É verdade que, em sua ordem de busca e apreensão, Moro conferiu plenos poderes de acesso à polícia: "(...) poderão as autoridades acessar dados armazenados em eventuais computadores, arquivos eletrônicos de qualquer natureza, inclusive smartphones, que forem encontrados (...)". Contudo, essa autorização genérica e irrestrita a quaisquer informações armazenadas precisa ser colocada em perspectiva.

A argumentação do STJ parece estar calcada na seguinte premissa: a legislação confere uma proteção maior ao fluxo das comunicações do que às informações armazenadas. Isso significa que é muito mais difícil conseguir autorização para interceptar uma ligação ou um endereço de email do que para ter acesso ao que está guardado em um smartphone.

No passado, isso parecia fazer sentido: os celulares eram enormes "tijolos" que apenas faziam e recebiam chamadas. Grampear uma ligação era uma das únicas maneiras de se ter acesso a uma série de evidências e, portanto, umas das maiores violações à privacidade que se poderia cometer. Foi nesse contexto que a Lei de Interceptações foi pensada, em 1996. Hoje, essa realidade se inverteu. A legislação, no entanto, não acompanhou, de forma que esses tesouros de dados ficaram sem proteção.

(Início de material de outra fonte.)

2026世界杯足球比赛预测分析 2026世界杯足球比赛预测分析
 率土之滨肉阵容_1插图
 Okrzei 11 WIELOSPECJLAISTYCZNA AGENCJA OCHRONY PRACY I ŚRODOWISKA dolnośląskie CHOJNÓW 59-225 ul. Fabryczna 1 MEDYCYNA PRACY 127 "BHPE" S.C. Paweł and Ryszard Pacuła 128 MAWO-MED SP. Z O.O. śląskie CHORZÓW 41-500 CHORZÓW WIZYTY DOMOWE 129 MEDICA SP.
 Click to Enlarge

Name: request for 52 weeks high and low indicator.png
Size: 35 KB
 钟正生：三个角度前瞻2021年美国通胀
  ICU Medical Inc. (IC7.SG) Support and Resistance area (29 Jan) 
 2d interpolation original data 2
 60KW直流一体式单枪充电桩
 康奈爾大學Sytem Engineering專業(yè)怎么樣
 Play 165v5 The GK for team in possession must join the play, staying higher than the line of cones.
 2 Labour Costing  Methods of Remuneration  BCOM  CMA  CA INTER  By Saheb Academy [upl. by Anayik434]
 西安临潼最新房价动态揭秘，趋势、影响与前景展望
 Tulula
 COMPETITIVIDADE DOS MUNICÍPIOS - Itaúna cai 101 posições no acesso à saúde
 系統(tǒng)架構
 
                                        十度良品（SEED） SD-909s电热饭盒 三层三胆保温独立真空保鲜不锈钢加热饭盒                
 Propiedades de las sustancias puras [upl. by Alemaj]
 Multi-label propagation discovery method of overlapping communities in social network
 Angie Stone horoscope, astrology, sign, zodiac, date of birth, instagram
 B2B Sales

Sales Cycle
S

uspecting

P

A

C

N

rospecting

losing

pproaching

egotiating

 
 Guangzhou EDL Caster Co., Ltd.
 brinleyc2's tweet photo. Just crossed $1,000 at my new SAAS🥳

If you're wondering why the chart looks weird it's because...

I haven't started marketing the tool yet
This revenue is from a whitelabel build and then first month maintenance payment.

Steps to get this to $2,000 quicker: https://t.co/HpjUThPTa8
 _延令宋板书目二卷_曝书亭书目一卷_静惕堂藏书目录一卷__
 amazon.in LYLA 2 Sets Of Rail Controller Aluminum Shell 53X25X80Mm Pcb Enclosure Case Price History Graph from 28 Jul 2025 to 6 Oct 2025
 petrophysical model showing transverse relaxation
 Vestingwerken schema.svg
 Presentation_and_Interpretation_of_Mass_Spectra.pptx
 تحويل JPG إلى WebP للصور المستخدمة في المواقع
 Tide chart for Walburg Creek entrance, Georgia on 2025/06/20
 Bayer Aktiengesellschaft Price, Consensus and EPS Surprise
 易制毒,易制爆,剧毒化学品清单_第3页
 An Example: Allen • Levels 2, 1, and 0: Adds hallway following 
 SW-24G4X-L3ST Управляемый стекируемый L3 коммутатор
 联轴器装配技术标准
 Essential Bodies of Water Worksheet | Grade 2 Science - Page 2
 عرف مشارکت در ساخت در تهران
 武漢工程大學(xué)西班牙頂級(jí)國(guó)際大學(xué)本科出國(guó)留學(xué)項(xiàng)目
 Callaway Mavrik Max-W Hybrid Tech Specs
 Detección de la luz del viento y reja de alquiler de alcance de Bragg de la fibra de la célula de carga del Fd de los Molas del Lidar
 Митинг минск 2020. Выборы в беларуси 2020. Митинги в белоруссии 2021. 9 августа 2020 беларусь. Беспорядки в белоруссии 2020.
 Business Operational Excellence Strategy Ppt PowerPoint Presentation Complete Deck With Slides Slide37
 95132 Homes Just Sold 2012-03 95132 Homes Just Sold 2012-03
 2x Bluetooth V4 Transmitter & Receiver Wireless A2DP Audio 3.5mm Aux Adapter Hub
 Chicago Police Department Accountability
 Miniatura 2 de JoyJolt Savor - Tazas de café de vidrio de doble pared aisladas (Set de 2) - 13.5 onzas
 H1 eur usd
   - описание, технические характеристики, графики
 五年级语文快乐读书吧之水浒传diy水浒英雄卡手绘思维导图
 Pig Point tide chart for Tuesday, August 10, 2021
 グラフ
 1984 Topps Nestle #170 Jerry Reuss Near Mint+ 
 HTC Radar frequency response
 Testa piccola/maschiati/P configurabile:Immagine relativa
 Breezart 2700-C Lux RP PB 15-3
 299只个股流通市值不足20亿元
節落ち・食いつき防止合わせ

Vejam como estamos lidando com um descompasso: essa interpretação sobre os dados armazenados, que é compartilhada pelo juiz Sérgio Moro, pelo STJ e pelo STF, vem se baseando, por exemplo, em um texto escrito em 1992 por um importante jurista, o prof. Tercio Sampaio Ferraz Jr. Para ele, eventuais quebras de sigilo "de dados" (o exemplo dado no texto é o do acesso a extratos bancários) não violariam a Constituição, por não serem "grampos" (que pela Constituição são permitidos apenas em casos excepcionais). Quase vinte e cinco anos depois, vale a pena questionar se não estaríamos utilizando parâmetros jurídicos arcaicos para lidar com novíssimas formas de comunicações. O que é mais privado: tudo o que está salvo no seu celular, o que pode incluir vinte anos de e-mails, ou o conteúdo de uma ligação que você realiza?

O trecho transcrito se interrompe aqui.